What the task asks:
Return the listing in full. Keep every word as it stands.
[Opening Supplied entries section]
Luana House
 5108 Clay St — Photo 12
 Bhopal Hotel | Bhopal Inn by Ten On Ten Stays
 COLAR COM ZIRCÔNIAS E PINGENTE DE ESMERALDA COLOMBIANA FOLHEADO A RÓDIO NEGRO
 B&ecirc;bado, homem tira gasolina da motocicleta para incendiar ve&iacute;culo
[Closing Supplied entries section]
Result of this exercise:
Luana House
 5108 Clay St — Photo 12
 Bhopal Hotel | Bhopal Inn by Ten On Ten Stays
 COLAR COM ZIRCÔNIAS E PINGENTE DE ESMERALDA COLOMBIANA FOLHEADO A RÓDIO NEGRO
 B&ecirc;bado, homem tira gasolina da motocicleta para incendiar ve&iacute;culo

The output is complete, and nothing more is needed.